Tampoco me considero un gran meditador, mi atención tiende a ser tan dispersa como la de un gato frente a una ventana llena de pájaros revoloteando.

Sin embargo puedo decir que lo que me permitió aprender a meditar fue que también lo hice muy poco a poco. Simplemente comencé por acostumbrarme a respirar profundamente para calmarme cuando estaba nervioso, luego a sentarme un momento en silencio, y así se le fui agarrando el gusto hasta que me di cuenta que ya estaba meditando diariamente.

Algo que recuerdo muy bien es el momento en que llegué a esa frontera en la que  apenas comenzaba a disfrutar correr y comencé a pensar que de verdad podía ser corredor “de a deveras“.

De pronto mi mente se volvió mi peor enemigo, siempre atenta a las historias de grandes corredores, ultra-maratonistas, ironmen y demás, haciéndome notar lo totalmente inalcanzables que eran sus logros para mi.

“Ellos, –decía esa vocecita interior con tono de burla,– si son verdaderos corredores. A su lado tu no eres mas que un pobre amateur.”

Esa vocecita me persiguió durante varios meses hasta que me decidí a correr mi primer 5K, cruzar esa meta fue el momento en que pude decirle a esas voces;

“SI, tal vez sea un amateur, pero no estoy corriendo para llegar a la meta. No necesito correr contra nadie, no necesito romper ningún récord, solo corro para disfrutar el estar conmigo mismo.

Desde ese día las voces se callaron y comencé a disfrutar verdaderamente el simple gusto de correr.

Lo mismo me pasó con la meditación.

Cuando empecé a disfrutar meditar me entusiasmé mucho, la novedad y lo bien que me hacía sentir hizo que de verdad creyera que podía llegar a meditar “correctamente“.

Por supuesto que empecé a leer sobre aquellos yoguis que pasaban años enteros sumidos en trances meditativos, maestros Zen que de una sola mirada sabían cuantas hojas había en una rama de árbol o lamas tibetanos cuya atención es capaz de detectar el espacio entre la cesación de un pensamiento y el surgimiento del siguiente.

Y la vocecita volvió a surgir desde lo profundo para decirme en el mismo tono burlón; “Mira, esos SI son verdaderos meditadores.”

Durante años luché contra esa vocecita hasta que me di cuenta que, igual que con el correr, la meditación no tiene por que ser una competencia, nadie está cronometrando tiempos ni midiendo mi avance para calificarme.

Tal y como los ultra-maratonistas no nacieron corriendo un kilómetro en 4 minutos, esos grandes meditadores de los que tanto escuchamos tampoco nacieron meditando.
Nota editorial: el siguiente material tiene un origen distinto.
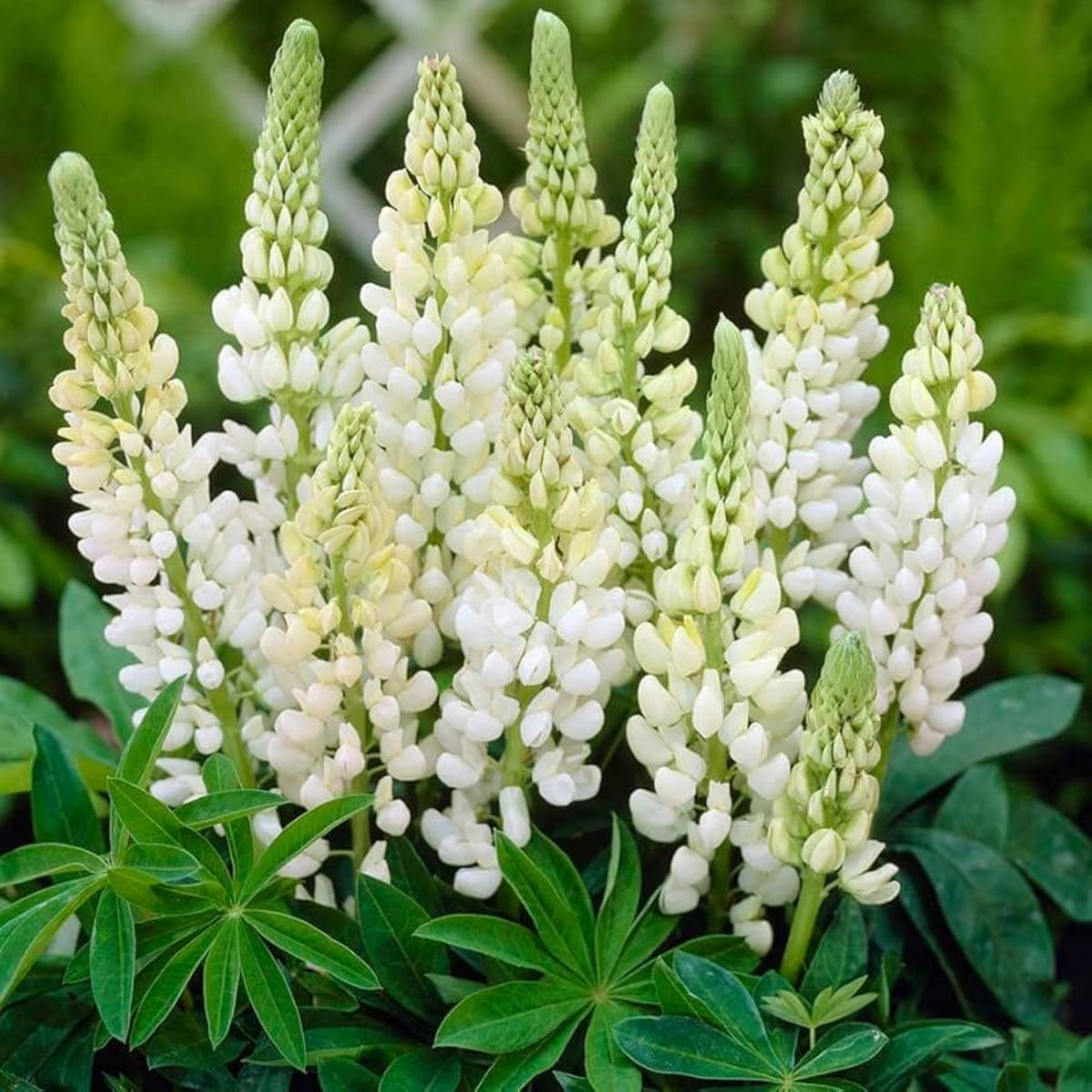 Lupinus ‘Gallery White’ (Lupine) Seeds, Bluebonnet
Ambos comenzaron por el simple hecho de intentarlo… fue la práctica constante la que los llevó a alcanzar esos grandes logros.

Por muy poco que corras ya llegaste más lejos que todos los que se quedaron en el sillón.
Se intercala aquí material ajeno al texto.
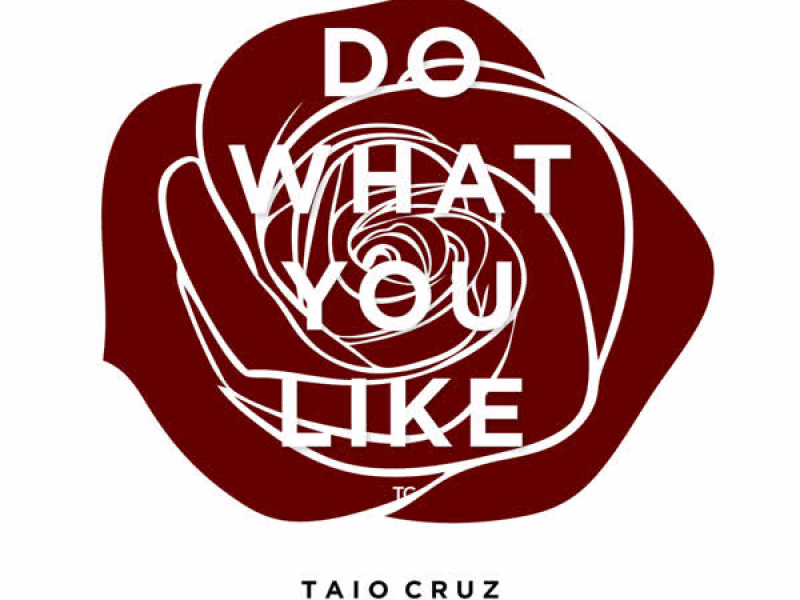 Do What You Like (Single)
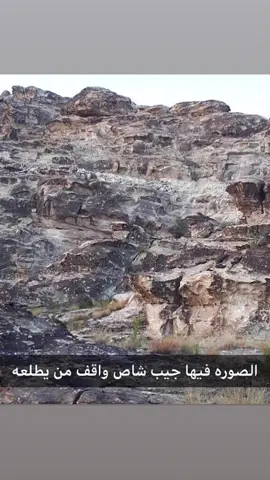 #تحديات_تيك_توك _يا الله-نبغى _فعليات  #حلو_الغز🥀💔😘 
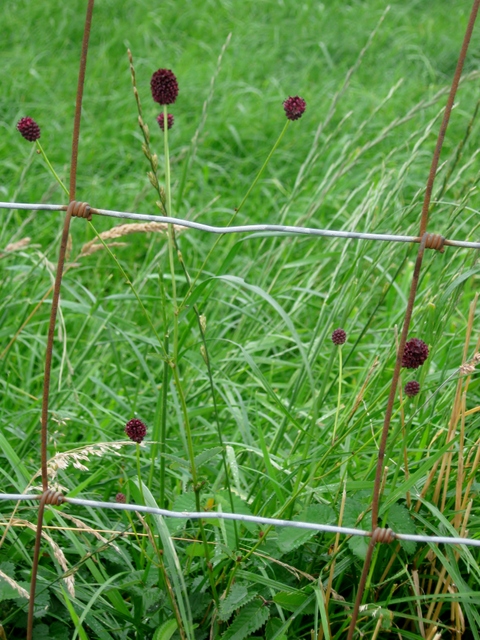 IMG_5541Great Burnet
Por muy poco que medites, ya lograste calmar tu mente más que quienes ni siquiera saben que existe la meditación.

Lo más importante que he aprendido es que no importa si llegas a la meta antes o después que los demás, porque al final siempre habrá nuevas metas que cruzar.

Cuando dejamos de obsesionarnos con llegar a algún lugar nos damos la oportunidad de observar el paisaje a nuestro alrededor.

Entonces empezamos a disfrutar cada momento y cada meta tan solo como una parte más del camino… y a disfrutar el viaje.